Two of the cars were right on the dealer estimates at Kelly Blue Book, but one was under by $1,000, because the teal color might not appeal to all buyers. I took it for a test drive, and then my daughter took it for a test drive later that day and fell in love with it. I told the salesman I would buy it if it checked out at a mechanic's shop.
He agreed, and I took it to the shop. They couldn't find anything wrong, and commented that even though it is a 1997 car, it was well-maintained and had several new parts, including a water pump, which is over $1,000 to replace. The mechanic said the asking price was a steal and that he would buy it.
I wasn't finished negotiating with the auto dealer yet. When I got back to the shop, I requested a copy of the Carfax, which is a vehicle report that reputable dealers must provide for free. Everything was great on the report, and I made an offer $400 below the asking price. The salesman conferred with the manager, and they met me in the middle with $200 off the price.
Even the insurance was a bargain, due to the age and make of the vehicle, at only $21 a month. Since the car is much smaller than the van, parking is a breeze. On the day of my daughter's test, it was still dark at 7:30am, and the roads were a sheet of ice with eight inches of snow on top. My daughter passed her test with flying colors.

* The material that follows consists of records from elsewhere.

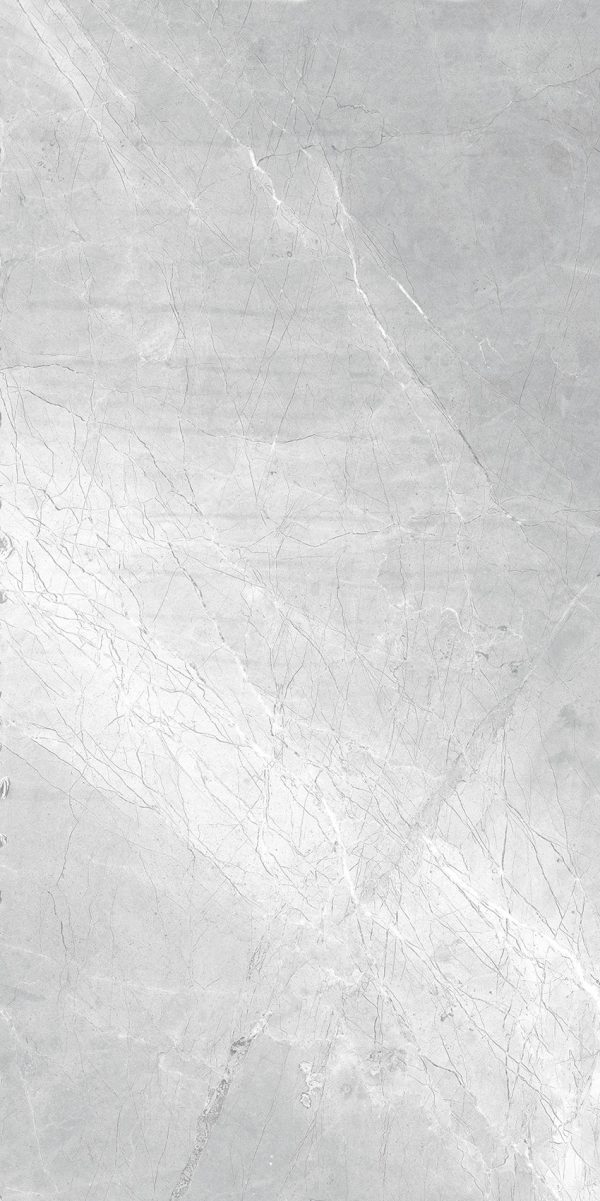 КЕРАМОГРАНИТ REALISTIK ASTI GREY CARVING 60X120 — изображение 3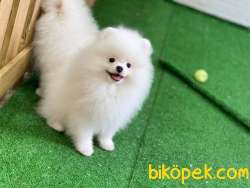 IRKIN EN GÜZELİ BOO 2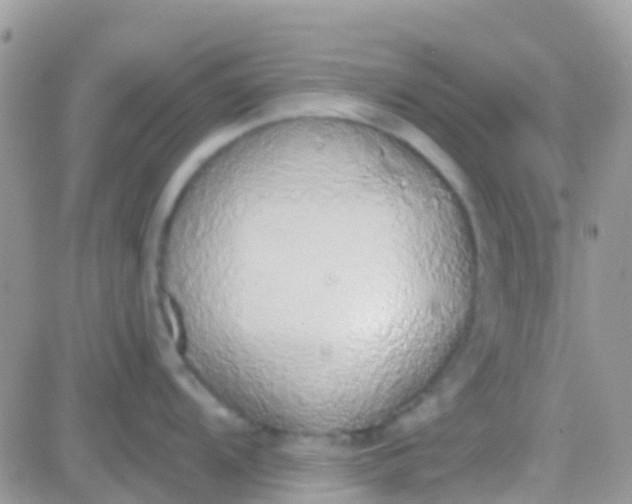 X0000081381104200701252033
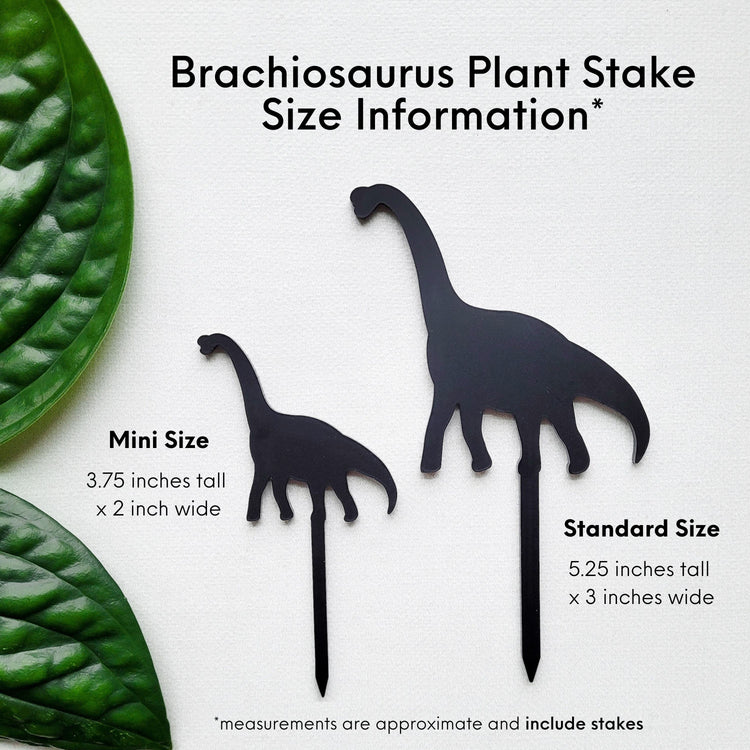 Standard and Mini Brachiosaurus plant stakes on white background with size information that matches the written description.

Although the insurance tripled because of a teenage driver, we got a discount because my daughter has straight As and no tickets or accidents. (Knock on wood) Still, it is much cheaper than adding her as a driver to the newer van; it was a savings of $120 to $150 a month. The car also gets terrific gas mileage.
So, let's review the steps to buying a used car without getting used. First, locate a car or type of vehicle you want. Research prices, safety records, recalls, and various vehicles online. The best site is Kelly Blue Book at KBB.com.
Private party sales are typically cheaper, but you have to do your homework. The seller might not tell you of impending repairs that are needed or exaggerate claims on safety or reliability. Dealerships typically offer some sort of warranty or at least stand behind their reputation. Any promises or warranties should be put in writing, with a signature, before you complete the sale.
Even if the seller swears the car is in perfect condition, take it to a trusted mechanic. Even if you have to pay a fee at a shop, it is worth it to discover any problems before you plunk down your hard-earned money.
A Carfax report is invaluable. Dealers should provide one free of charge, or you can purchase one yourself at Carfax.com. All you need is the year, make, model, and VIN number. A private party seller shouldn't have a problem providing this information if they don't have anything to hide.
The Carfax report reveals any insurance claims made on the car and if it has a clean title, meaning it can be transferred to you as soon as the sale is complete.
When you are ready to buy, remember the rules of negotiation. Ask for a lower price, even if you feel you are getting a good deal. Or ask for some of the fees to be paid, like the sales tax, title transfer fees, or licensing fees. It doesn't hurt to ask, and the seller may be willing to bargain.
Buying a used car can be dread-inducing, but when you take the proper steps, you can protect yourself and score a great deal without getting used.